Monday, June 21, 2010


Well, I've done it now. I made a video of myself playing Louis Moreau Gottschalk's "The Banjo" on the fretless gourd banjo and posted that on YouTube. Then I went to Wikipedia and edited the entry on Gottschalk's "The Banjo," and linked the video to it. Whoever had written the Wikipedia entry on Gottschalk's "Banjo" had cited my article (see below) but apparently not entirely understood it. YouTube seems to have messed with my crisp image somewhat, and the titles are fuzzy too, but...good enough, I say. I will probably record the version of the piece for the CD in the next few weeks, now that it's all sharp and under my fingers. When I play live, I treat it like banjo music and I feel free to mess with things a bit as the mood strikes me, but for these recordings I wanted to follow the piano music as closely as I can.

The article that I published in the early 90's on this explains a lot of what I'm doing here; essentially I back-engineered how the piece would have been played by using what I argue was a kind of piano "sound recording" of an actual (though unnamed) African-American banjo player in New Orleans, c. 1853. I am for the most part following what I outlined in the article, except that since then (I had to take a few years to build the banjo and then figure out how to play it) I came up with a different way to play an important part of the piece. I switch to an up-picking rolling style that sounds more like what the piano is doing, and I think it points out more of a connection to West African plucked lute styles, not unlike fast textures on the ngoni or kora. This switching back and forth between "downstroking," or "frailing," and up-picking is common in West African plucked lute playing, though is not a traditional part of surviving American banjo playing--in fact no other evidence of it survives. Though it really annoyed S. Frederick Starr, the author of the current authoritative biography of Gottschalk, I think the most powerful evidence that Gottschalk made this piece by transcribing the playing of some unnamed African-American banjo player is right here in this recording of the music.
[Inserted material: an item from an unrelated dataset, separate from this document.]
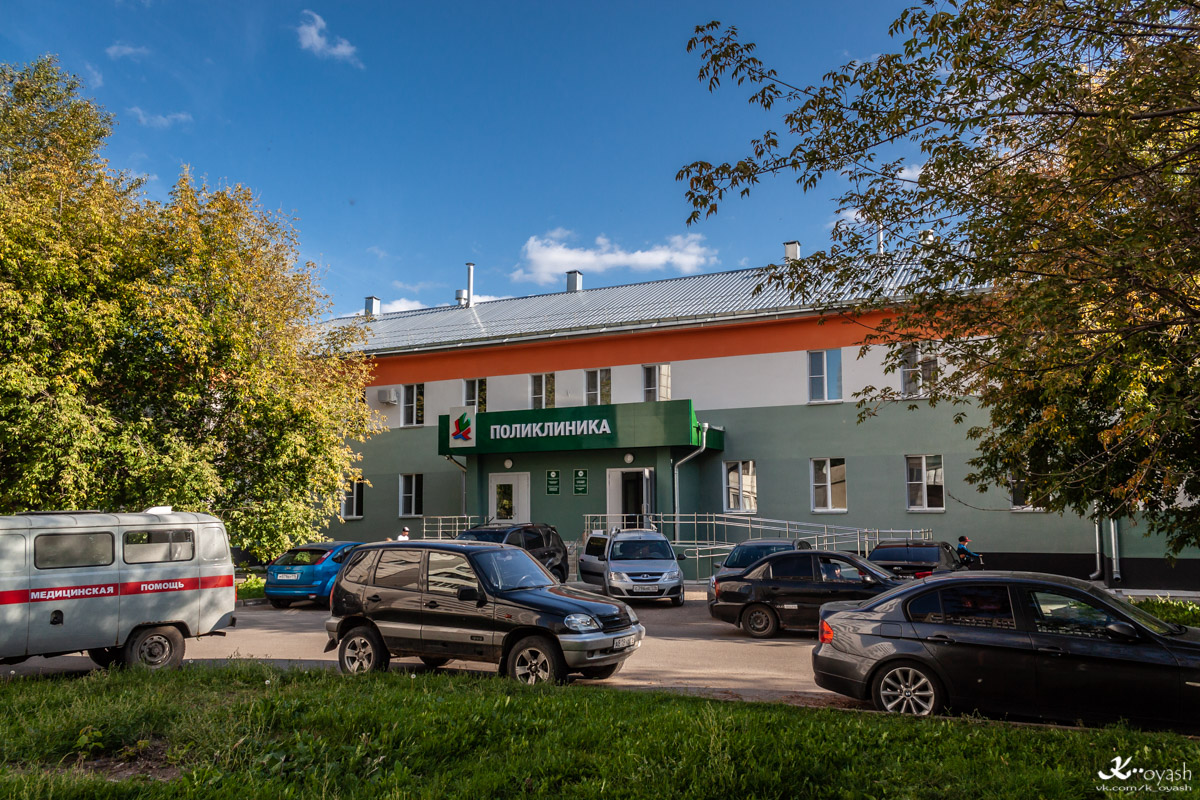 Казань, Улица Столярова, 39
No way could he get that close to actual banjo music without sitting down with somebody and copying to the best of his ability everything the musician did. Was poet Gwendolyn Brooks justified in railing against Gottschalk's beginning the great American tradition of white musicians stealing the awesome musical genius of African-Americans (her poem is reprinted in my article)? I think so, that he should have given credit somehow, but still I'm glad he did what he did, or else this tradition would not have been preserved in any other documentary evidence.